Write out every line of the material as it stands, apart from the pictures.
*** AVAILABLE DATA ***
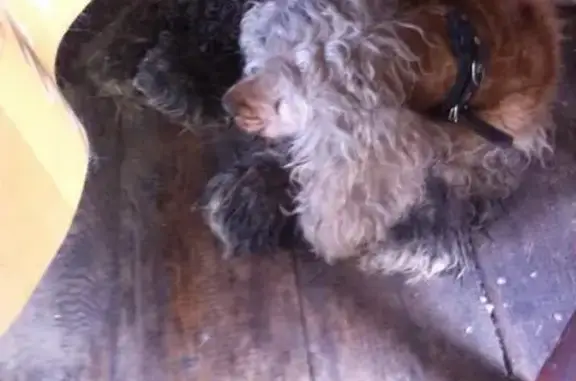 Найдена собака в районе Борового, 70 км от Красноярска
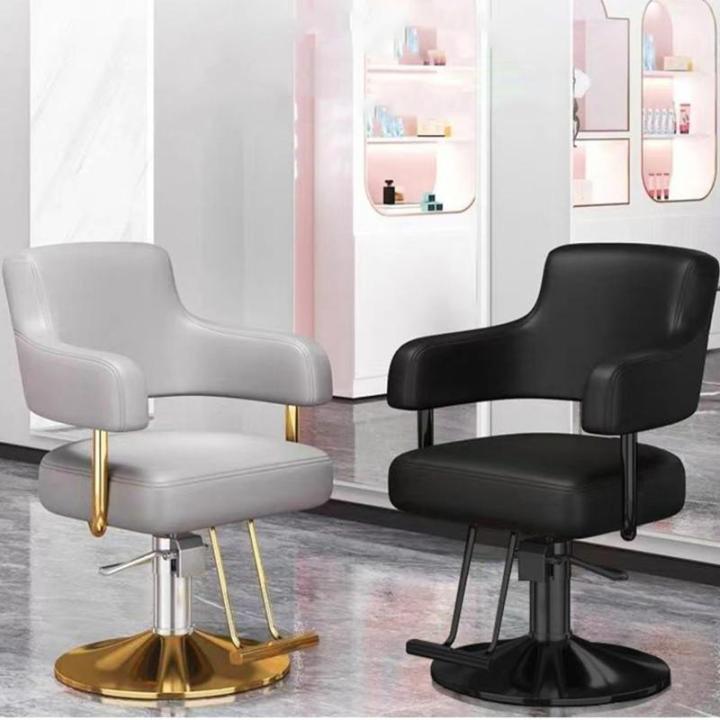 Salonstoel Voor Haarstylist, Styliststoel Met Zware Hydraulische Pomp, 360 Graden Draaibare Spa-Schoonheidsuitrusting Voor Haarstylist, Vrouwen En Mannen,Light gray,B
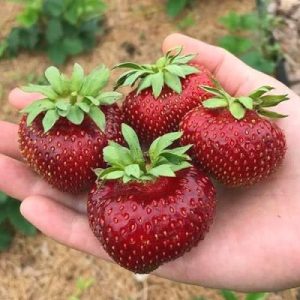 Клубника Мальвина (рассада) ЗКС 0.5л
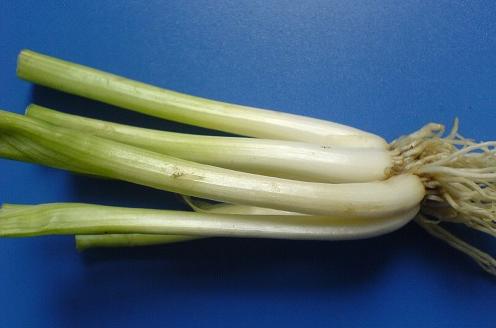 Fistular Onion Stalk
*** End of AVAILABLE DATA ***
_RESULT FOR THIS TASK_:
 Найдена собака в районе Борового, 70 км от Красноярска
 Salonstoel Voor Haarstylist, Styliststoel Met Zware Hydraulische Pomp, 360 Graden Draaibare Spa-Schoonheidsuitrusting Voor Haarstylist, Vrouwen En Mannen,Light gray,B
 Клубника Мальвина (рассада) ЗКС 0.5л
 Fistular Onion Stalk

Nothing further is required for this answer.